The cruiser landed, and the police pushed the pack of reporters away, who were merciless in their desperation for us to answer their questions.
“Mr. Cruz, do you think this child kidnapping case will make you the leading detective in the city?”
I could feel every employee of the Office of the City Clerk watching my response carefully, but that aside, I would not be goaded into a response.
I kept my mouth shut and climbed into the cruiser after Lutty. Officer Break closed the door, and he and his partner got into the tertiary seats in the back.

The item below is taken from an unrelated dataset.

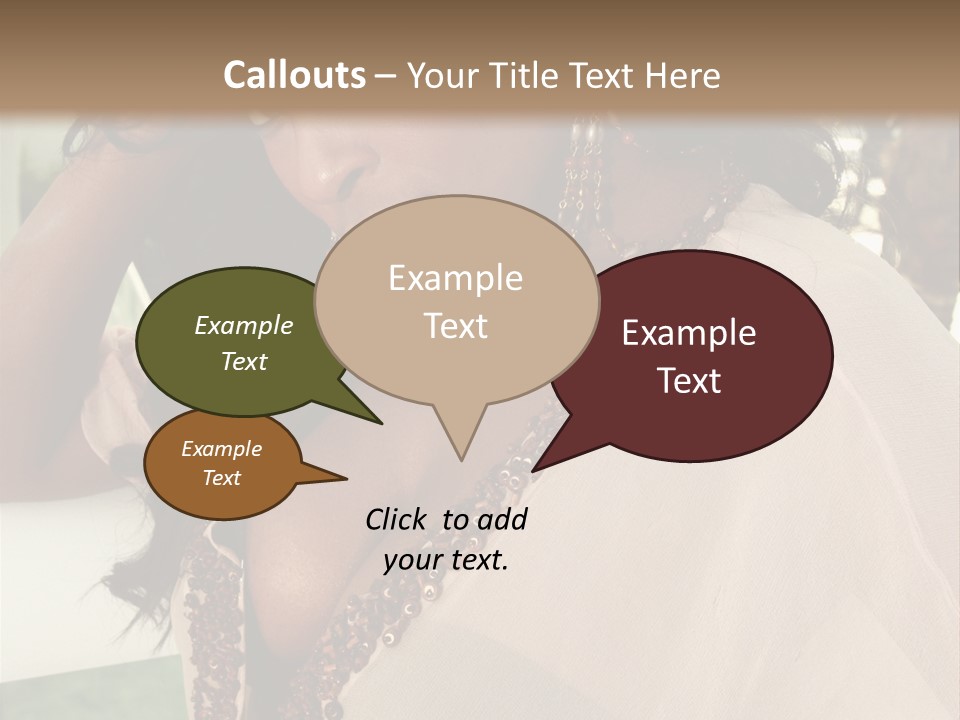 Hair Floor Tropical PowerPoint Template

Officer Caps looked at me. “Don’t get used to it,” he said. “That could, of course, mean a few things when it comes to you.”
Lutty was now looking at me funny.
“Back when I was your age, I was an intern at Metro Police. I went on ride-alongs and rode in a police cruiser a few times,” I said to her.
“Ever arrested for real?” she asked me with an askance look.
“No way. That’s for criminals.”
“Okay.” She was satisfied.
The policemen uttered none of the wisecracks that I’m sure was on the tips of their tongues.
“What about that Rabbit man?” she asked with a look of fear.
“He’s done for, and he’ll never come at you or your Mom again,” I said and leaned forward to her. “What did he think you did?”
“I ran ahead of my Mom down Alien Alley, and he thought I saw him doing something bad. But I didn’t. I didn’t see him, then he attacked us.”
“I know you didn’t see him doing anything bad. As long as you didn’t tell him what you saw, it’s all over now. No one will bother you again with it. Isn’t that right, officers?”
I leaned back and watched my Ebony and Ivory “friends” squirm in their seats.
“That’s right. No one will bother you about it ever again,” Officer Break answered reluctantly.